- [REQUIREMENT]
Using the data below, return the stretch from the line that contains "ஆப்கானிஸ்தான் பாகிஸ்தான் பகிரும்" through the line that contains "Gòn - 15 Xe", both included, exactly as it stands and nothing beyond it.
===== DATA TO USE
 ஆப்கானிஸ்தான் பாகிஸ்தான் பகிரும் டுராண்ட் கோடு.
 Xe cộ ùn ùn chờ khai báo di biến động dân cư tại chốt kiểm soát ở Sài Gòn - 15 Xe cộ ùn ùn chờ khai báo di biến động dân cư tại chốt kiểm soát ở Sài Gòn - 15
==========
===== DATA TO USE
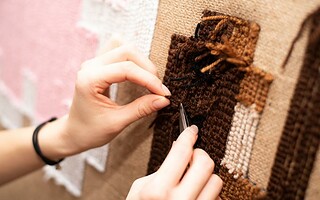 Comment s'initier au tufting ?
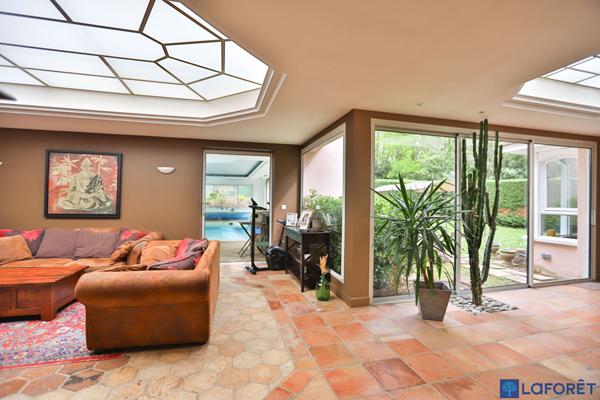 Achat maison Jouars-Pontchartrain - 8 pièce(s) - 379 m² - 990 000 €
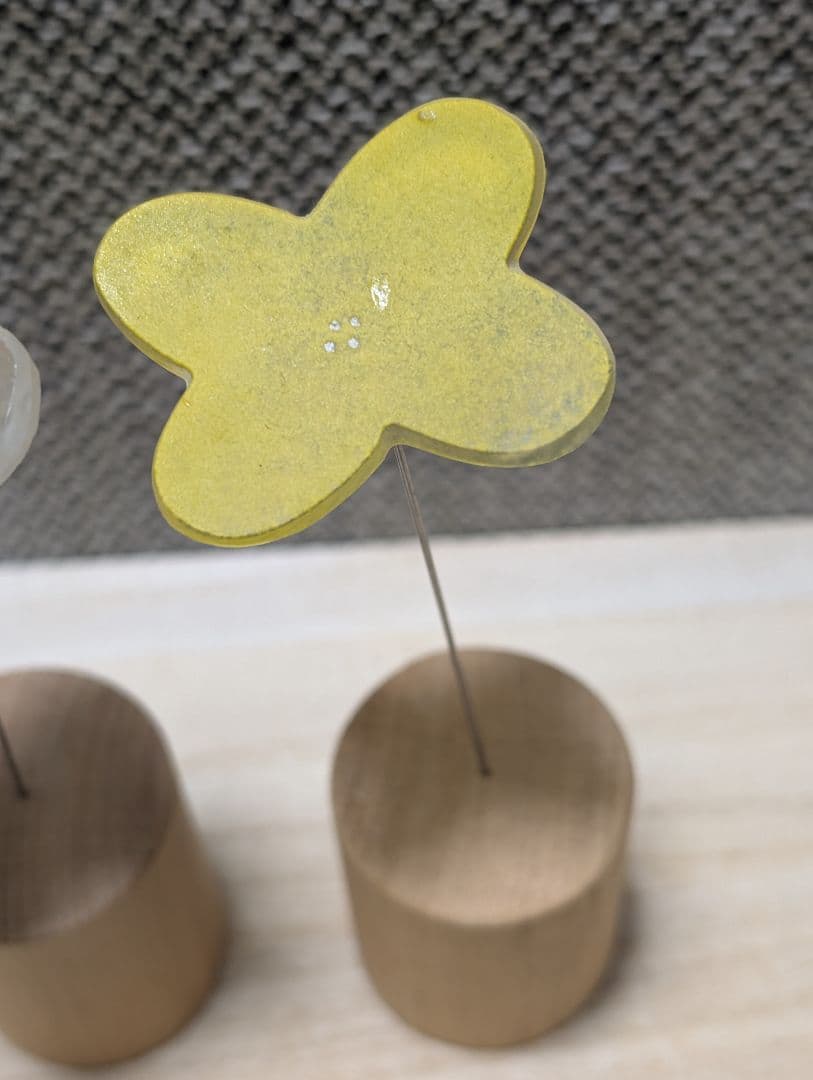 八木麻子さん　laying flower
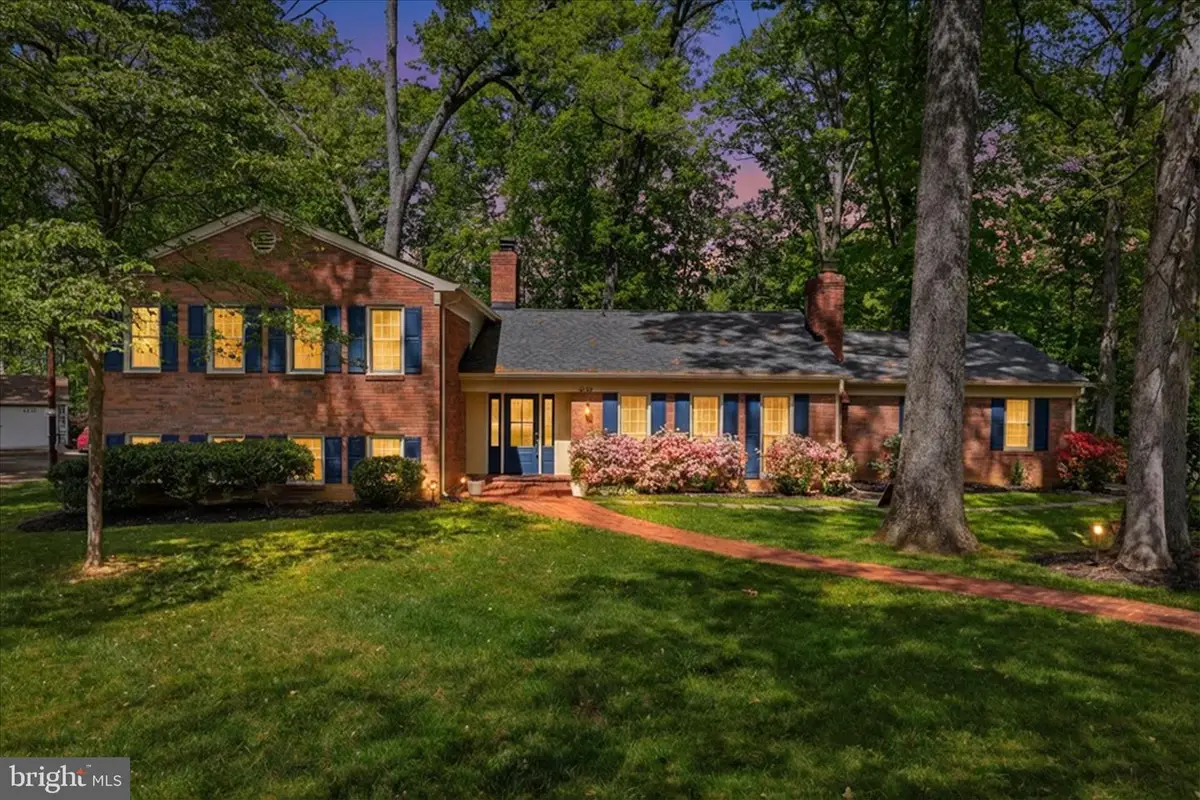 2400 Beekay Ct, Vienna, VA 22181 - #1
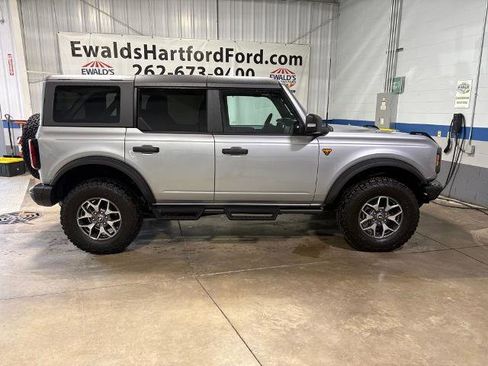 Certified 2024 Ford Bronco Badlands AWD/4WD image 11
==========
- [RESPONSE TO THE EXERCISE]
 ஆப்கானிஸ்தான் பாகிஸ்தான் பகிரும் டுராண்ட் கோடு.
 Xe cộ ùn ùn chờ khai báo di biến động dân cư tại chốt kiểm soát ở Sài Gòn - 15 Xe cộ ùn ùn chờ khai báo di biến động dân cư tại chốt kiểm soát ở Sài Gòn - 15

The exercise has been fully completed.